:: Data
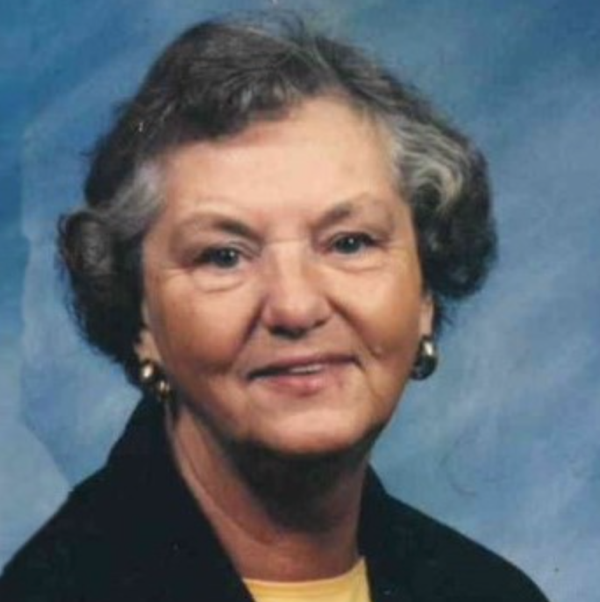 In Memory of Delois Gales
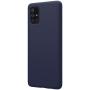 Nillkin Flex PURE cover case for Samsung Galaxy A51 order from official NILLKIN store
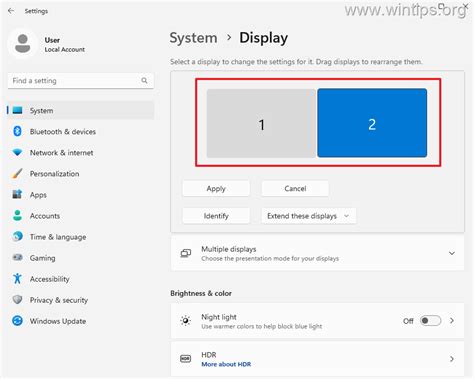 Image result for Multiple Displays Setup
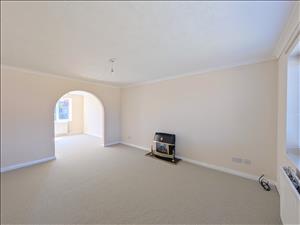 Lounge Dining Room New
::::
### The task
Give an exact copy of the listing, without its pictures.

### Solution
 In Memory of Delois Gales
 Nillkin Flex PURE cover case for Samsung Galaxy A51 order from official NILLKIN store
 Image result for Multiple Displays Setup
 Lounge Dining Room New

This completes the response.